Word for word, restate the lines of the data below between those holding "Белый Рено Меган, объемом" and "New 2026 Honda CR-V TrailSport image 19", inclusive; pictures do not belong in the copy.

→ **Supplied data**:
Start of Block

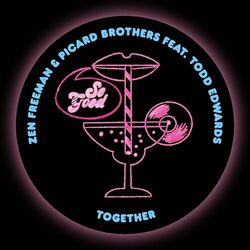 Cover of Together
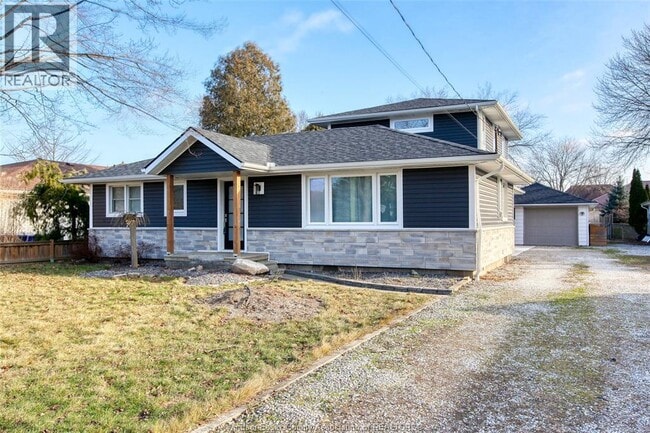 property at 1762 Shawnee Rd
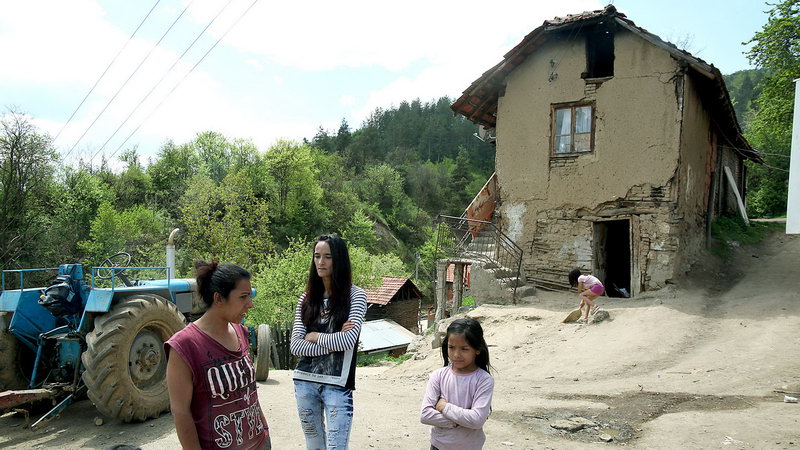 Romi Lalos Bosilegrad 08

End of Block
Start of Block

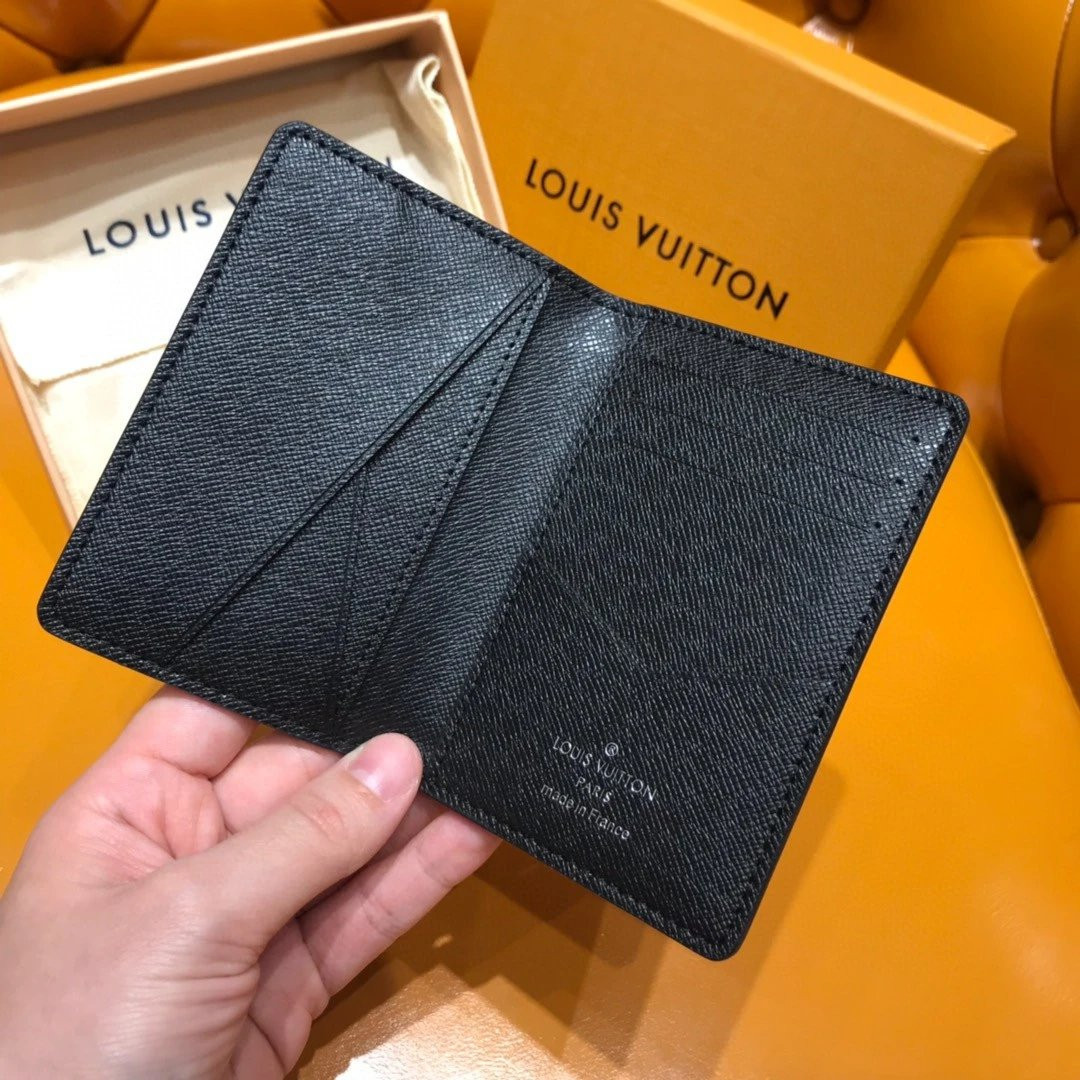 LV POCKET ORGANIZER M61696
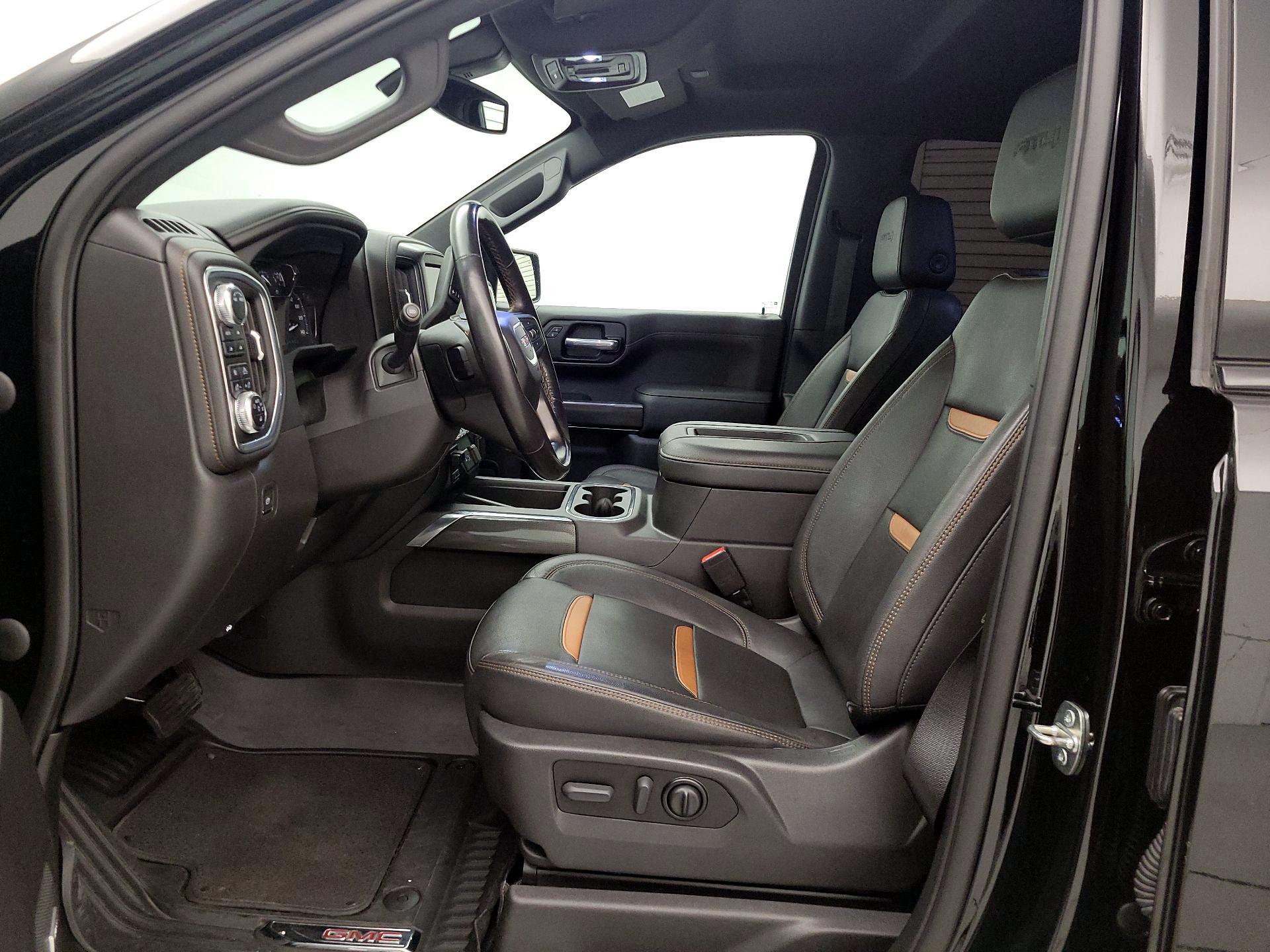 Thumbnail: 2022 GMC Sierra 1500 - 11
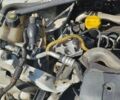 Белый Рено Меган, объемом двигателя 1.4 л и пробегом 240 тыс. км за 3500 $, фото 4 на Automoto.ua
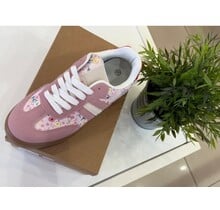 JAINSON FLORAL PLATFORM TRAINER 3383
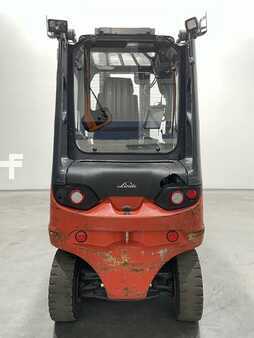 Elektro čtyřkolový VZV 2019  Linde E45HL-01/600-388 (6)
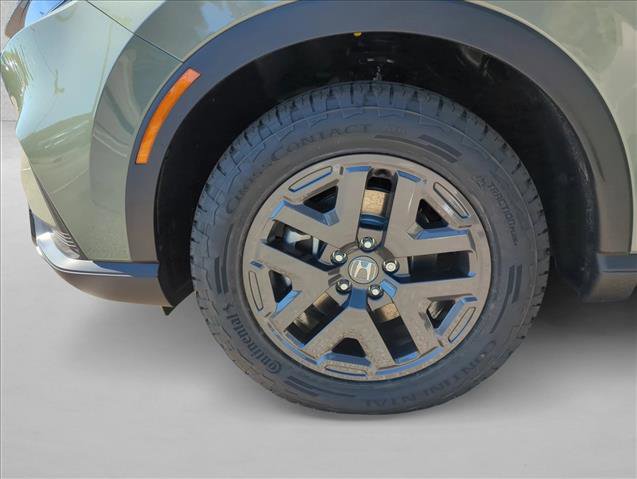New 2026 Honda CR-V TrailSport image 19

End of Block
Start of Block

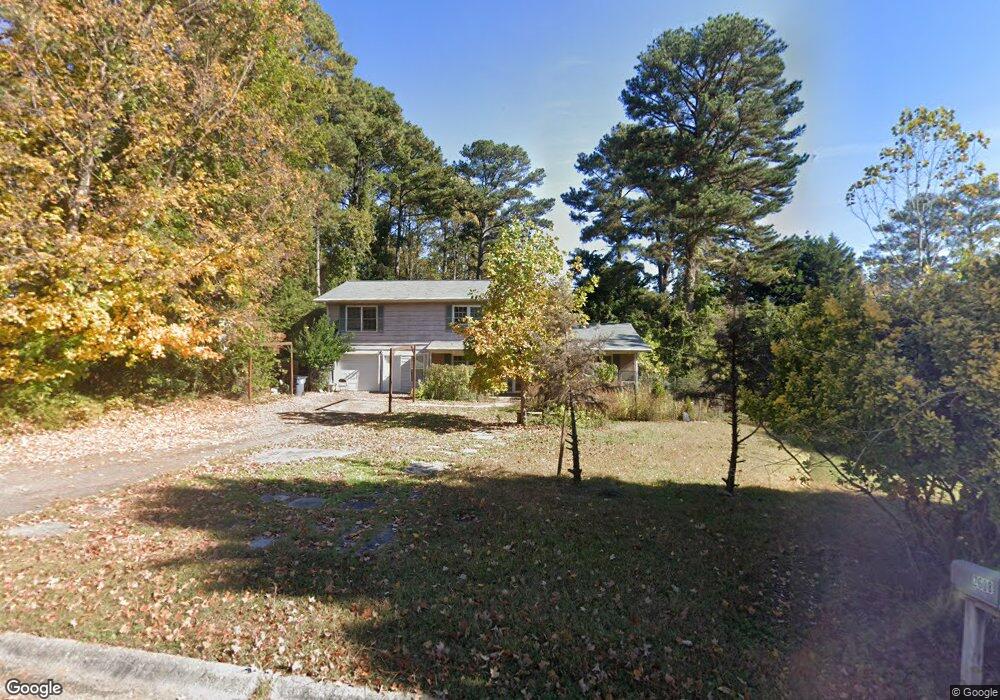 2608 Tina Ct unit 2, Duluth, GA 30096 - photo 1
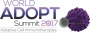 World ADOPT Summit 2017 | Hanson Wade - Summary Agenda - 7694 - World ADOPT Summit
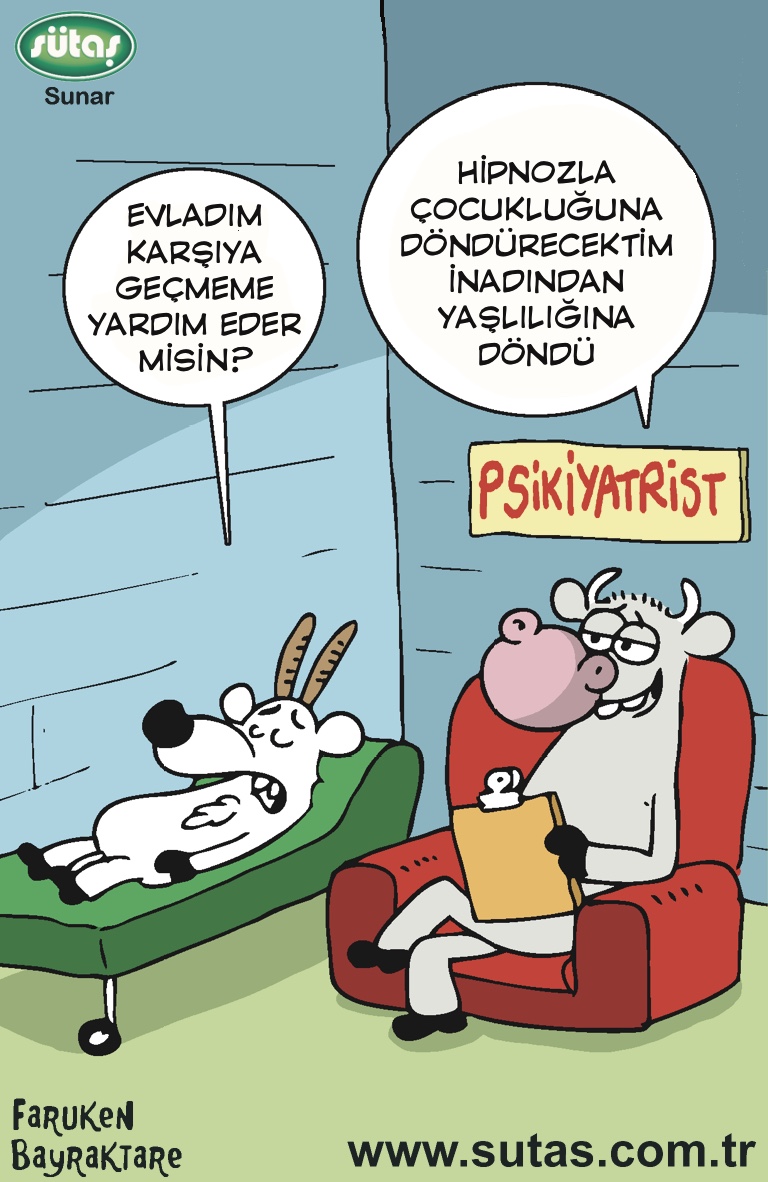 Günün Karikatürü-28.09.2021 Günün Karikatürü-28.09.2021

End of Block

→ **Response**:
 Белый Рено Меган, объемом двигателя 1.4 л и пробегом 240 тыс. км за 3500 $, фото 4 на Automoto.ua
 JAINSON FLORAL PLATFORM TRAINER 3383
 Elektro čtyřkolový VZV 2019  Linde E45HL-01/600-388 (6)
New 2026 Honda CR-V TrailSport image 19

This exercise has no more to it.